Der Historiker Marcel Bois stellt im Klartext-Verlag auf knapp 600 Seiten relevante Strömungen der Kommunistischen Opposi­tion in der Weimarer Republik vor. Um eine erste Gesamtdarstellung der kommunistischen Opposition, wie auf der Rückseite des Buches angekündigt, handelt es sich allerdings nicht. Schließlich wird auf die räte- und linkskommunistischen Strömungen in der Kommunistischen Internationale, die bereits 1919 oder nach der Niederschlagung des Aufstands von Kronstadt mit der Politik der Komintern gebrochen haben, ebenso wenig eingegangen wie auf die bordigistische Strömung, die Mitte der 20er Jahre in Opposition zur Politik der sowjetischen Machthaber geriet. In verschiedenen Länden, auch in Deutschland, bildeten sich Gruppen, die die Kritik des italienischen KP-Vorsitzenden Amadeo Bordiga an der Entwicklung der Kommunistischen Internationale teilten und für einen strikt antiparlamentarischen Kurs eintraten. Bois erwähnt diese Strömung nur in einer Fußnote. Diese Feststellung ist wichtig, weil so verhindert wird, dass vorschnell neue Schließungen in der Forschung der dissidenten kommunistischen Strömungen erfolgen und kleinere, weniger bekannte Gruppen unerwähnt bleiben. Bois ist es allerdings nicht zum Vorwurf zu machen, dass er nicht sämtliche Facetten der kommunistischen Dissidenz berücksichtigt. Werden doch bei seiner Arbeit die großen Schwierigkeiten deutlich, das Phänomen des Linkskommunismus begrifflich zu fassen. Bois macht deutlich, dass das Gemeinsame dieser Strömung gar nicht so einfach zu benennen ist. Selbst die Ablehnung der Stalinisierung kann als kleinster gemeinsamer Nenner erst in der zweiten Hälfte der 20er Jahre geltend gemacht werden. Zuvor haben einige der späteren linkskommunistischen Akteure wie Werner Scholem in Stalin einen Bündnispartner und in Trotzki einen Exponent der Rechten in der kommunistischen Bewegung gesehen.

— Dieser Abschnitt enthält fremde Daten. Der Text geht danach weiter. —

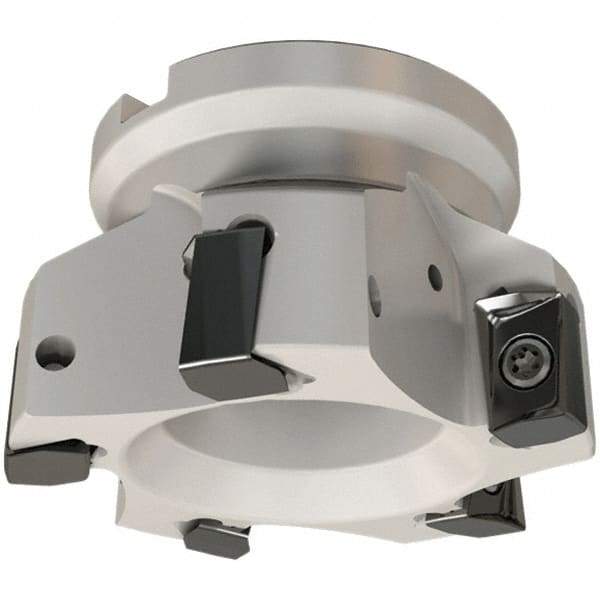 Iscar - 4 Inserts, 50mm Cut Diam, 22mm Arbor Diam, 16.3mm Max Depth of Cut, Indexable Square-Shoulder Face Mill - 0/90° Lead Angle, 40mm High, H490 AN.X 17 Insert Compatibility, Through Coolant, Series Helido - Industrial Tool & Supply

Zudem wurde ein gemeinsames Vorgehen der Opposition dadurch erschwert, dass einige führende Linkskommunisten wie Scholem oder Ruth Fischer die Vorzüge einer innerparteilichen Demokratie erst entdeckten, als sie in Opposition zur Parteitagsmehrheit gerieten. Als Exponenten der Parteiführung haben sie noch selber ausgiebig Gebrauch von administrativen Maßnahmen gegen vermeintliche Oppositionelle gemacht.

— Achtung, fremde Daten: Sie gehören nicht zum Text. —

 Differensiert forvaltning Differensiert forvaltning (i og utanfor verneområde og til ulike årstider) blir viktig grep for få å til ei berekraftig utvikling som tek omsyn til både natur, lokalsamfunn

Bis zum Ende der Weimarer Republik spielten diese und andere Widersprüche in der linken Opposition eine wichtige Rolle und erschwerten eine Kooperation. So wollten einige Oppositionelle auf keinen Fall in eine Nähe zu Trotzki gebracht werden. Andere verweigerten Unterschriften unter Aufrufe, unter denen Ruth Fischer oder Werner Scholem standen. Das sind nur einige der von Bois detailliert beschriebenen Widersprüche, die ein gemeinsames Auftreten der kommunistischen Opposition erschwerten. Grund dafür waren neben inhaltlich-politischen Differenzen auch persönliche Animositäten.

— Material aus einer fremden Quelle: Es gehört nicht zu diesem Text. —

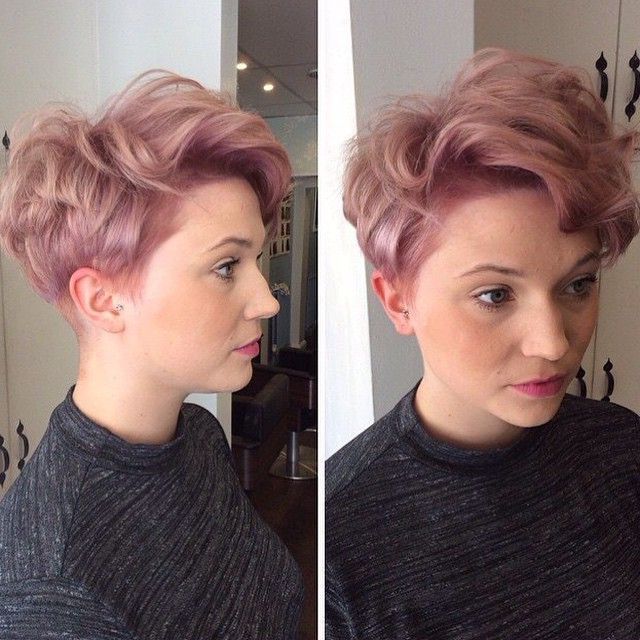 Strawberries & Cream Pixie Haircut | Pixie Haircut, Longer With Most Up To Date Wavy Asymmetrical Pixie Haircuts With Pastel Red (Photo 1 of 26)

Diese internen Probleme wurden von der KPD-Führung natürlich weidlich ausgenutzt. So wurden oppositionelle Kommunisten mit wenig innerparteilichem Rückhalt, wie die Gruppe um den besonders sektiererisch auftretenden Iwan Katz, schnell ausgeschlossen. Wesentlich bekannter war die Gruppe »Entschiedene Linke«, die maßgeblich von Karl Korsch mitbegründet wurde, dessen Texte zur marxistischen Philosophie in den 60er Jahren für die Neue Linke bedeutsam werden sollten. Sein Wirken als marxistischer Politiker nach seinem Parteiausschluss 1926 wird von Bois nachgezeichnet.

Echte Pionierarbeit leistet Bois mit seiner Darstellung der »Weddinger Opposition«, eine vor allem aus dem Arbeiterradikalismus gespeisten linken Parteiflügel, der über den Berliner Stadtteil hinaus landesweit aktiv wurde. Ihr gelang es noch bis Anfang der 30er Jahre, in der KPD aktiv zu bleiben. Die Parteiführung ging mit der gut verankerten Strömung vorsichtiger um als mit marginalen Oppositionsgruppen. Bois zeigt allerdings auch, dass vor allem in den frühen 30er Jahren manche oppositionellen Kommunisten wieder die Nähe zur KPD suchten. Die Gefahr des Nationalsozialismus ließen für manche die Differenzen in den Hintergrund treten.

Doch gerade Trotzki erregte zu dieser Zeit auch über das kommunistische Milieu hinaus Beachtung, weil er für eine Aktionseinheit von SPD und KPD eintrat und den NS viel gründlicher als die KPD-Führung analysierte. Anders als diese sah er in den verschiedenen Faschismen kein Werkzeug des Großkapitals, sondern eine eigenständige Bewegung des abstiegsbedrohten Mittelstands, die von Teilen der Eliten und der Wirtschaft allerdings für ihre Zwecke benutzt wurde. Auch mit seinen frühen Warnungen vor den Gefahren des NS für die Arbeiterbewegung und alle demokratischen Bewegungen sollte Trotzki wesentlich realitätsnäher sein als die KPD-Führung mit ihrem Zweckoptimismus, die ein Hitlerregime für eine kurze Zwischenstation auf dem Weg zur Revolution erklärte. Davon unabhängig kamen auch die als Rechtsabweichler aus der KPD ausgeschlossenen Kommunisten Heinrich Brandler und August Thalheimer zu einer ähnlich realistischen Einschätzung des NS wie Trotzki. Alte Feindschaften aus den 20er Jahren verhinderten allerdings eine Kooperation dieser unterschiedlichen kommunistischen Dissidenten. Auch hier zeigte sich wieder die Unfähigkeit selbst der schlaueren Köpfe der kommunistischen Opposition, auf der Basis eines Minimalkonsenses zu kooperieren.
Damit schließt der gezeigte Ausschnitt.